What is Open Talent?
Open talent compliments permanent resources with agile talent on demand, often accessing hard to find skills and diverse industry experiences. Compliments is a key word – this is about bringing in teams and individuals who work with and alongside the in-house team (as we well know now this doesn’t have to be in an office) bringing focus and pace against a specific deliverable.
A growing and effective way to engage open talent is through collectives of seasoned experts, enabling talent to be pin-pointed and teams curated based on a client’s specific needs through a breadth of skills, backgrounds and thinking.
Why is this relevant now?
Companies need to be able to accelerate and innovate with speed and agility whilst keeping lean. Engaging talent on demand enables teams to flex around key priorities.
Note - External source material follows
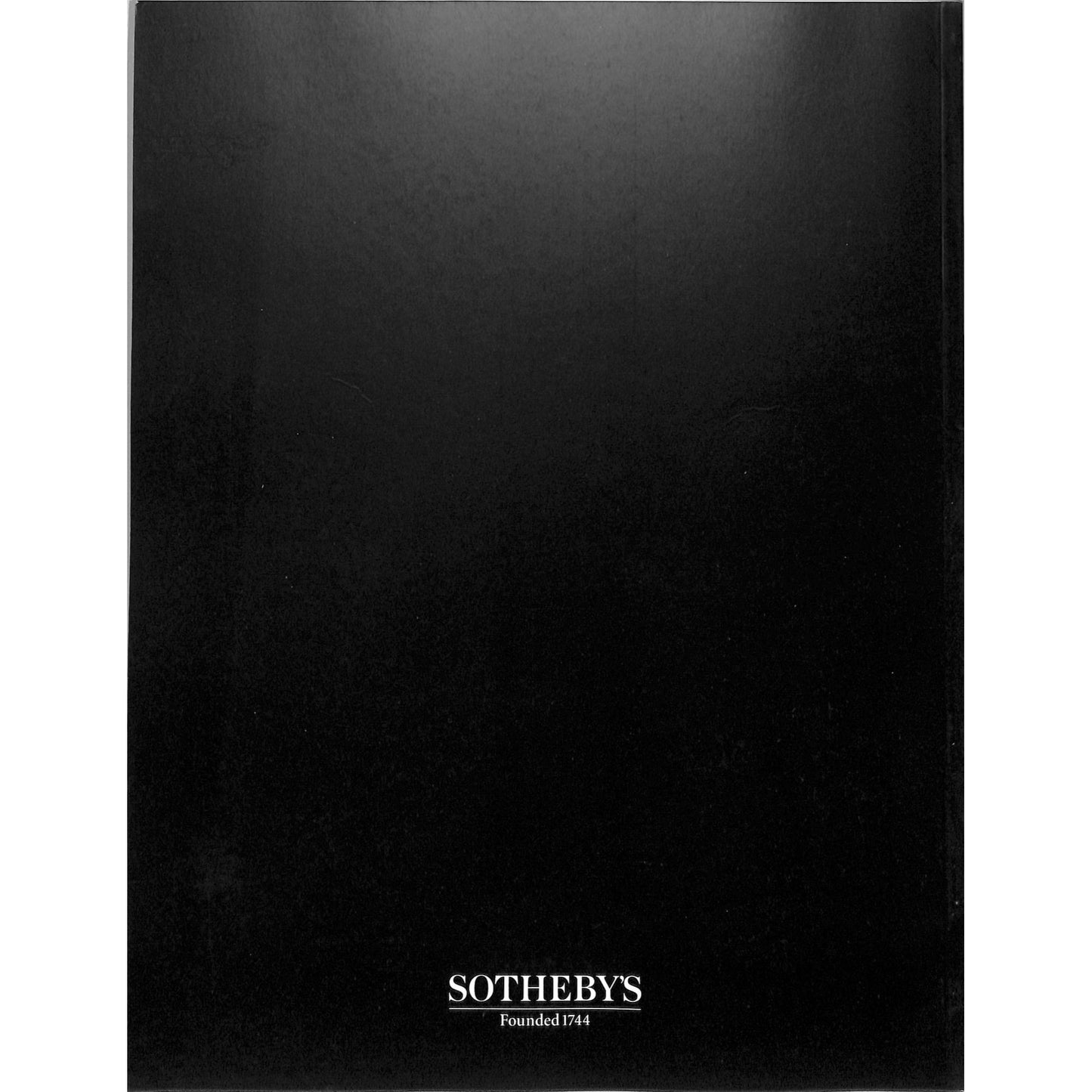 Sotheby's Impressionist and Modern Art Part 1 Auction Catalog June 24, 1997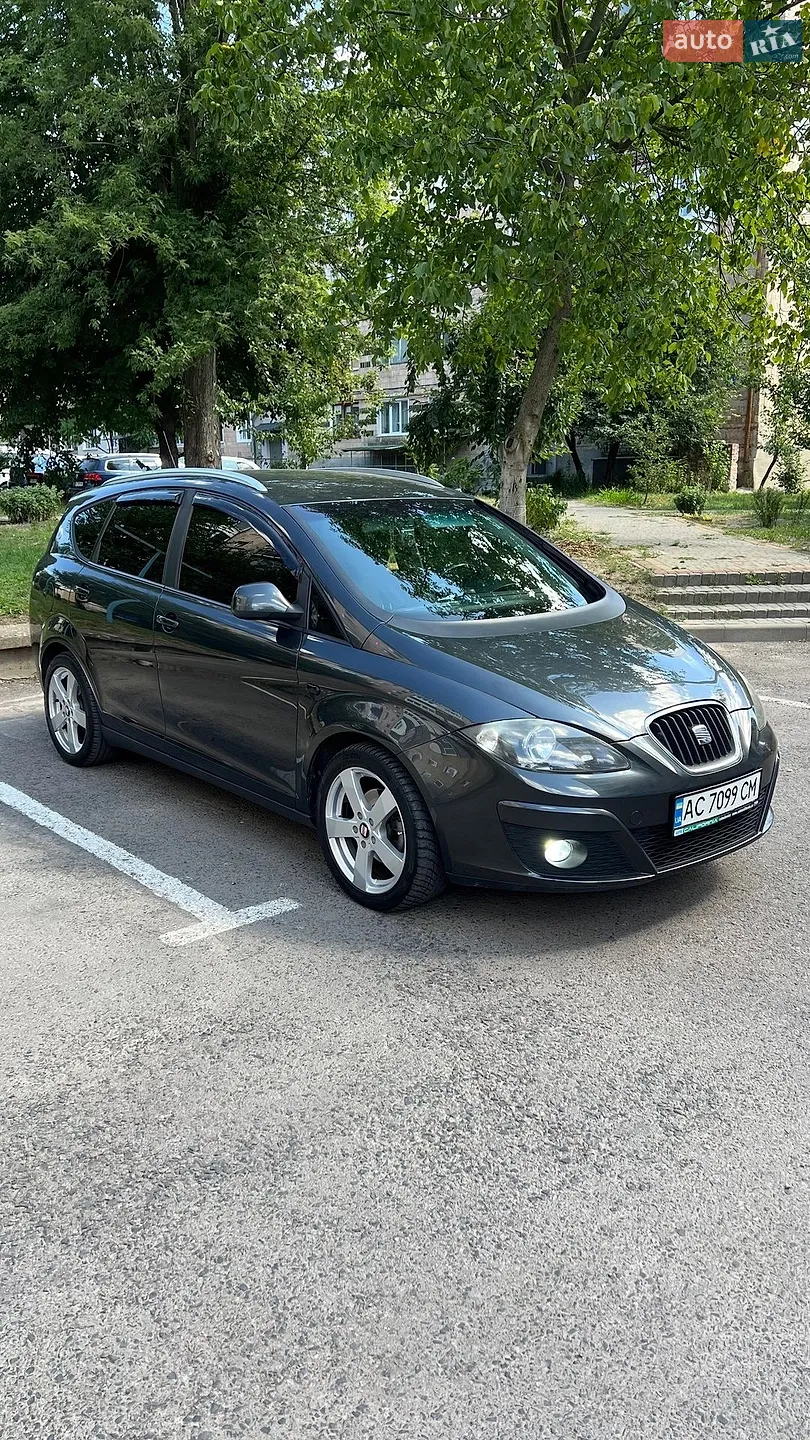 SEAT Altea, 2011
Simultaneously there is a growing pool of highly skilled & experienced independent talent. Not your stereotypical “gig” workers, nor retired corporate executives, these are individuals following non-linear career paths, shifting between permanent and portfolio roles, valuing the breadth, purpose and learning opportunities that come from project-based work.
The acceptance and mindset shift around virtual working in 2020 is fuelling growth in open talent. Removing the importance of geographic location increases the talent pool available and puts the focus on accessing the best combination of talents, rather than the best resource in a given location.
How does Open Talent work?
Individuals or teams operate as a temporary extension of the in-house team, bringing focus and pace, and can be deployed to help to build internal capabilities. This isn’t a traditional time-based contract model, rather projects designed around a specific outcome.
Leveraging the breadth in talent collectives enables a team to be structured around a project’s requirements. The skills and perspective needed for one deliverable may well differ from what’s needed on another, and permanent resources don’t allow for this flexibility or provide the opportunity to bring in fresh thinking from wide-ranging backgrounds.
That doesn’t mean engaging open talent is at the expense of developing and building talent in-house, quite the opposite. Open talent works with your team to upskill, develop and set up for success in embedding the work after the project has finished.
Critically, this is a lean approach. Open talent allows companies to invest directly in outcomes, rather than the costly overheads of an agency or consultancy, or the placement fees of a recruiter or contract firm. It’s heads without the overheads.
How to get the best out of open talent?
Firstly, think in terms of the specific skills you need to achieve objectives, rather than the traditional resourcing options of vacancies to be filled, day rate contractors, or consultancy briefs.
Then engage for functional skills over industry experience. Talent from different industries will bring new perspectives, and collectives of talent can enable you to leverage both depth and breadth of industry backgrounds as needed.
Finally, work with open talent as an agile part of your team – use them to help define the problem, determine the approach and then in turn co-create the solution so in-house resources own the work, build their own understanding and drive follow through to get results.
Where do I start?
Test and learn to create success stories which can be built upon to bring open talent into resourcing strategies. Think about how a mindset shift from vacancies, headcount and cost to skills, diverse perspectives and investment can enable you to deliver your objectives this year.
For individuals interested in becoming open talent – have a clear proposition on where and how you can add value, recognize how you deliver your best work and what infrastructure you need to be successful. Most importantly, bring a learning and growth mindset – working in this way can be a highly valuable stage of a career path, fostering diverse minds and talent in our industry.